Article Preview
TopIntroduction
For digital speech signals, there are a lot of research results in speech enhancement (Shima, Ahmad, & Babak, 2015; Ji & Danny, 2014; Mohamed & Pascal, 2014; Belinda & Kuldip, 2014; Seon & Hong, 2014) and speaker recognition (Shiha, Linb, Wanga, & Lina, 2011; Srikanth, 2014, pp. 137-145; Kawthar & Abderrahmane, 2014; Khan, Baig, & Youssef, 2010). However the speech content authentication schemes are rare. In our daily life, digital speech signals are likely to cause attacker’s interest and be maliciously attacked.
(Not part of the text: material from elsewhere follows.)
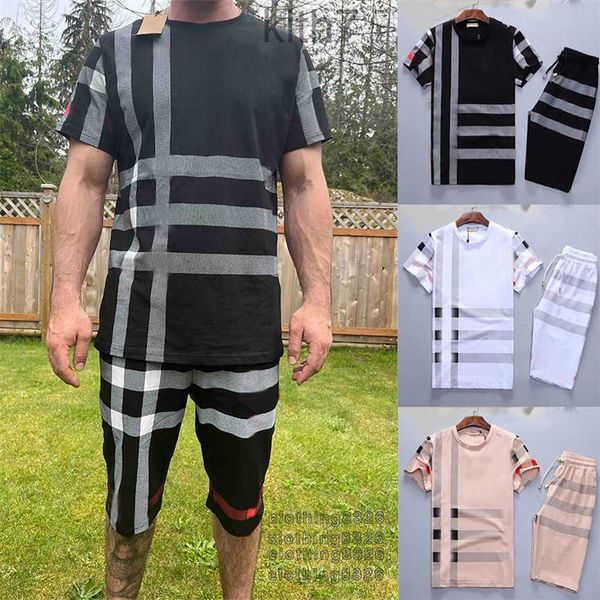 Chándal de verano para hombre Jerseys de moda Camiseta Tendencia clásica Pantalones cortos Ropa deportiva Trajes Diseñador Cuello redondo Algodón puro Negro Blanco Traje de mujer Trajes de sudor M-3XL ZDRX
If the attacked signals are not be detected, the authentication client will consider the attacked speech be veracity, which will cause serious consequences. Thus, the research of speech content authentication is realistic significance and practical applications.
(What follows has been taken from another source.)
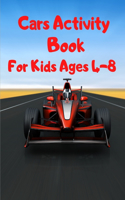 Cars Activity Book For Kids Ages 4-8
Digital audio watermarking schemes can be divided into two kinds according to the generation of watermark. The first is that watermark used has nothing to do with the audio content, for example, the use of binary image as watermark (Xiang, Huang, &Yang, 2006; Wang, Ma, &Niu, 2011; Vivekananda, Indranil, & Abhijit, 2011). The second is that watermark is generated by audio features or audio content (Wang & Fan, 2010; Fan & Wang, 2008). For the first kind, the binary image being used to generate watermark needs to be transmitted to authentication client, which increases the transmission bandwidth and the probability of being attacked. If the binary image has been tampered in the process of transmission, authentication client will consider that the audio content has been tampered. For the second kind, the watermark and watermarked audio are transmitted to authentication client together, which reduce transmission bandwidth and increase the security of the watermark transmission. If watermark is attacked, the audio content will also be attacked. So the probability that authentication client detected the attack is increased greatly. Considering the above analysis, the application prospect of content-based speech content authentication algorithms will be more extensive.
Unfortunately, for the existed watermarked schemes content-based and robust against desynchronization attacks, they have some shortcomings: 1) Watermark is generated and embedded based on public features (Wang & Fan, 2010), which is vulnerable to feature-analysed substitution attack (Liu & Wang, 2014). 2) For the schemes robust against desynchronization attacks (Wang, Ma, &Niu, 2011; Vivekananda, Indranil, & Abhijit, 2011; Bai, Ing, & Zhen, 2011), on the one hand, the synchronization codes face the threat of substitution attack (Liu & Wang, 2014). On the other hand, the signal between two neighbouring synchronization codes is regarded as watermarked signal, but they do not verify the authenticity of watermarked signal detected.